Like many people you may be looking to cut your spending and save more money after a Christmas spending splurge, so you may might appreciate some tips on how to spend less. In this blog post, Gareth Boyd, Founder of Chonies.co.uk, shares with us his 10 tips on how consumers can save money based on his experience in retail. Take a minute to browse through the list below where you can find some really useful tips that will help you lower your expenditures.
1. Make a List Before Shopping
As a human being, temptation is one of the hardest things to overcome, no matter who you are or what you think. We all know that one time we bought that little extra thing every time we are out and about. Slowly but surely those little things build up over the year to one very large expense, and often one you can ill afford. The simple way is to make a list of each thing you need and strictly stay to it. Avoid things that you really do not need.

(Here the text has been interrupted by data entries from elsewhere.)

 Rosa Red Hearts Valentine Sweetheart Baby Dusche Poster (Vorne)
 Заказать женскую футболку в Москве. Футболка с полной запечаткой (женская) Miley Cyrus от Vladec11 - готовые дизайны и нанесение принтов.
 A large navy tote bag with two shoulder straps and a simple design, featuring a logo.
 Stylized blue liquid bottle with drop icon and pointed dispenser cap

2. Go Home for Coffee or Tea
When you are out and about shopping, the thought of stopping into your local coffee shop for a coffee can be hard to resist. What you may not realise is how much you spend on these often unnecessary luxuries. Let’s calculate it. Say you are shopping once a week and you have a coffee or tea every time you are down town. Say the average coffee is $3, that works out at just under $160 per year. And that’s a very conservative estimate of the amount of coffee you actually consume.
3. Buy in Bulk When Possible
This seems like a simple enough solution, but when there is a sale on take advantage of those bulk deals. The items I would suggest you buy in bulk are those items you use a lot of, so things like cereals, drinks, toothpaste, shampoo, toilet rolls etc.

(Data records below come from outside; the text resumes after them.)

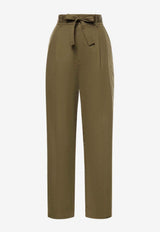 Saint Laurent Tailored Pleated Pants with Belt Green 836553YZ9CV_2412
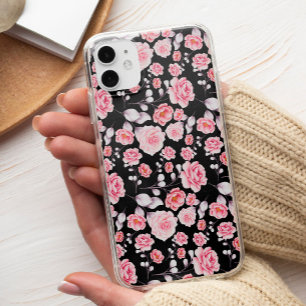 Case-Mate iPhone Case Élégant motif floral rose sur fond noir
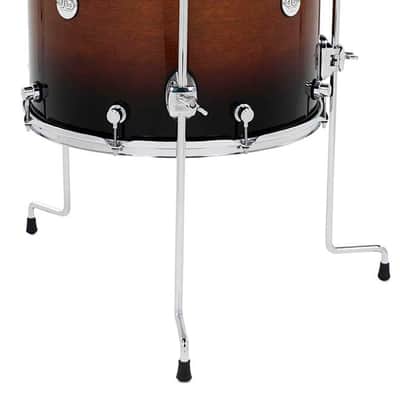DW Design Series Maple Floor Tom, 16x18 - Tobacco Burst Gloss Lacquer w/Chrome Hardware (DDLG1618TTTB) image 2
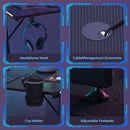 Advwin 120cm Z-Shape LED Gaming Desk w/ Mouse Pad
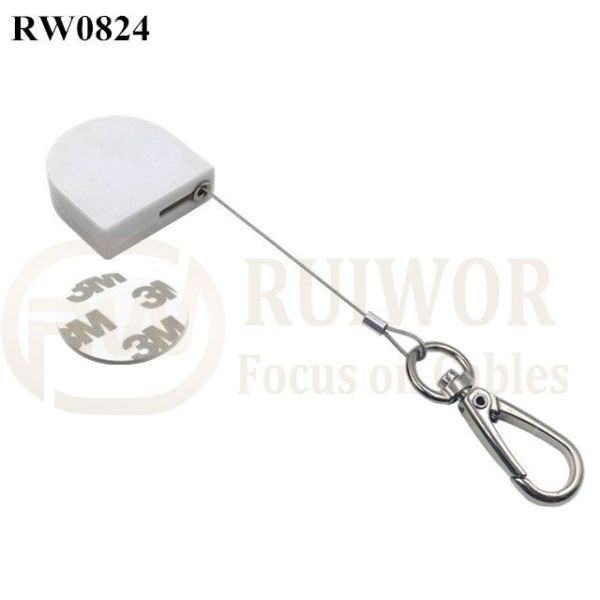 RW0824 D-Shaped Small Retractable Tether Plus Key Hook Wire Rope End As Tethered Mechanism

4. Pay Off Debt as Soon as Possible
If you have debt on your credit cards, then try getting it to a lower interest rate or pay off more than the minimum amount. Getting your debt under control not only saves you money, but sets you up on a more secure financial footing for the future.

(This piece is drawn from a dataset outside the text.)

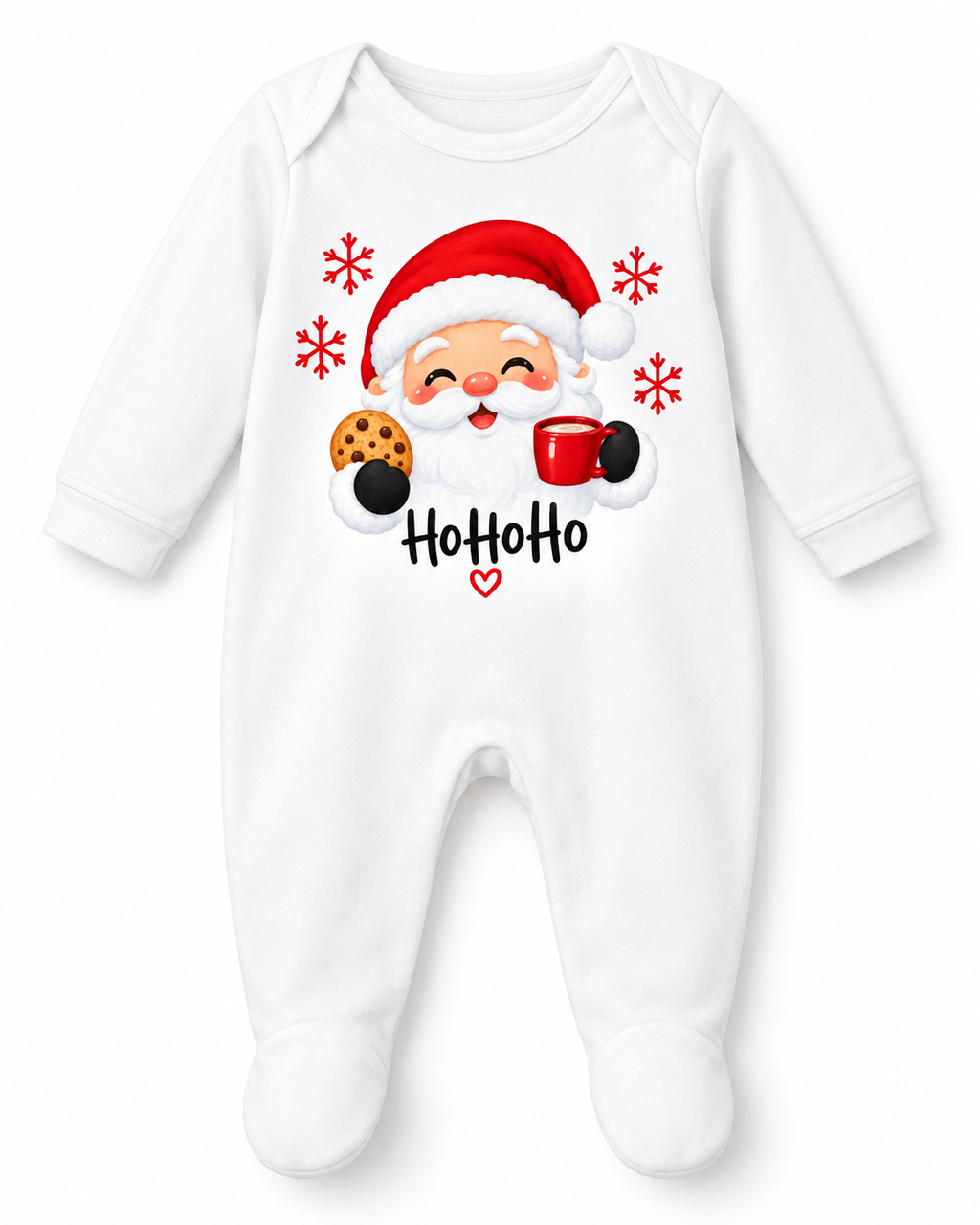 Personalised baby Christmas sleepsuit with Santa Ho Ho Ho sublimation print on white background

5. Pay Bills on Time and Avoid Late Fees
When it comes to paying bills, get organised. This may mean setting up automated payments or using the envelope system to allocate funds to pay for certain bills. Utilities (electricity, water, telephone, gas) and recurring bills (mobile phones, satellite TV subscriptions) can be set to be charged to a credit card or deducted from a bank account per month. It may be a good idea to pay for these with a rewards credit card so that you earn rewards towards free flights, etc.
6. Stay Away from ATMs
If you are not with the ATM’s bank, then the chances of there being a fee to use it are even higher. If it doesn’t say ‘free transactions’, do not use it! Small charges can easily add up over a period of time.
7. Buy Second Hand
Next time you browsing the book shop for a good book, why buy new when you could get it second hand on Amazon or eBay? The same principle applies to everything from electronics and clothing to CDs and cars. Second hand is cheaper, but often there is very little to compromise, if any, in terms of quality.
8. Compare Prices Before Buying Expensive Goods
Whether you are buying yourself a nice new bag, clothing or a car, go and compare prices from different shops and suppliers. Price comparison sites make it easy to compare prices for practically anything from a wide variety of stores, which makes it much easier to find the cheapest price.
9. Buy Store Brands
Who says you need to buy Kellogg’s, or Coca-Cola or Starbucks? Most large supermarkets have their own brands that retail for much less than their branded equivalents.
10. Don’t Run Errands When in a Rush
When you are in a rush and under pressure, you are more inclined to succumb to temptations to buy something you don’t really need. Schedule your errands so that you aren’t under pressure and can make clear decisions about what to buy.